Needless to say, this is not a move or policy that can be rolled out without meaningful debate. As mentioned above, many states have toyed with the idea and abandoned them, and concerns from the medical fraternity are not unwarranted.

In a scenario where prescription medications are freely available and there are few regulations on quacks in rural areas, doctors worry how these quacks will be regulated. If the government did not have the resources and ability to send and sustain doctors or healthcare providers in rural areas, how will it ensure that the quacks sent in rural areas after training do not misuse their “qualifications” or use the title of “doctor” anyway?

Most importantly, since doctors have formal organisations, qualifications and licenses, it is easier to track and regulate the trade of medicine and misdeeds have consequences. How will this be ensured in case of trained quacks, who can easily shift and set up shop at other locations without informing anyone or with no regulatory body to check and monitor their movements.

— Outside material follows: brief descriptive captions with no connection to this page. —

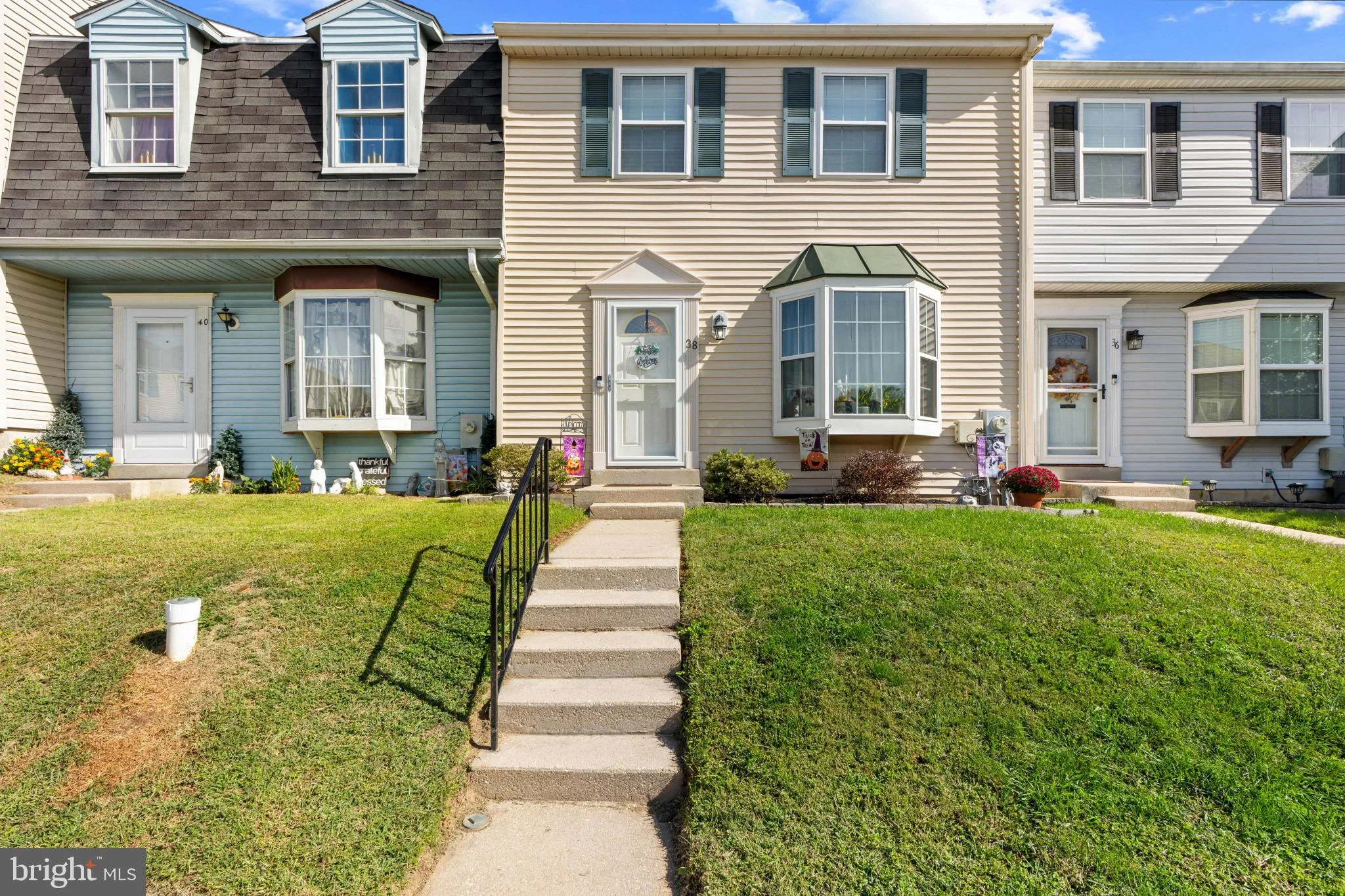 38 Chesthill Court, Baltimore, MD 21236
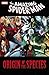 The Amazing Spider-Man: Origin of the Species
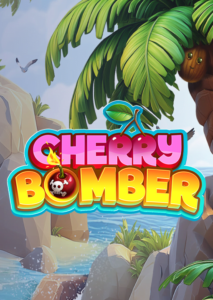 Cherry Bomber logo 720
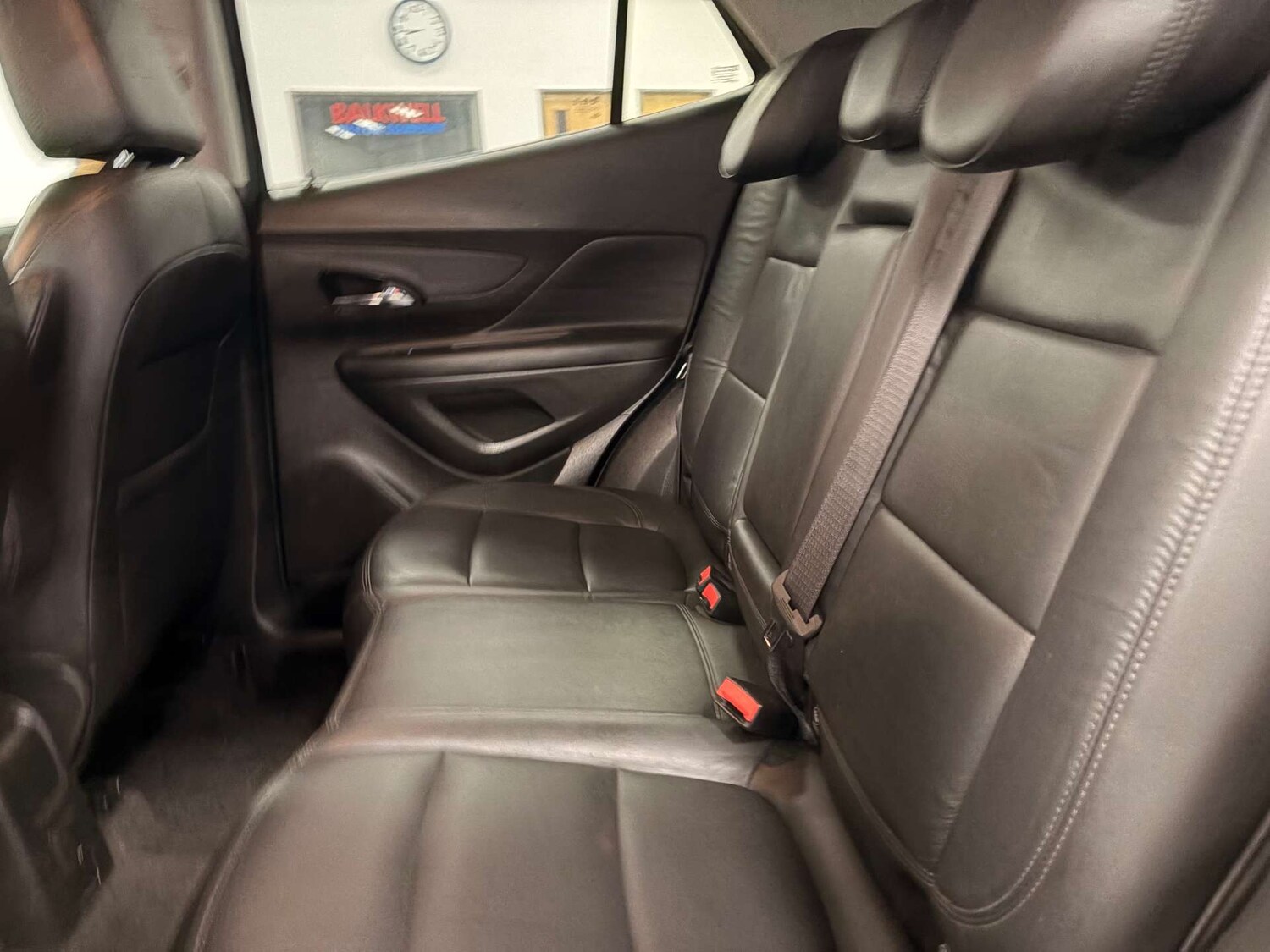 Used Vauxhall Mokka X 2017 for sale - 77504074: Photo 18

Across the world, concepts like barefoot doctors and village health workers have been implemented by governments to meet the demands of healthcare where doctors cannot always reach. However, it is indeed a tall order to take a batch of people who were illegally dispensing medications and ‘treating’ patients, training them and hoping they will abide by the rules set for them. Experts argue that this would be a safer idea if it was introduced in a well-regulated framework, which no government implementing such a program has introduced as yet.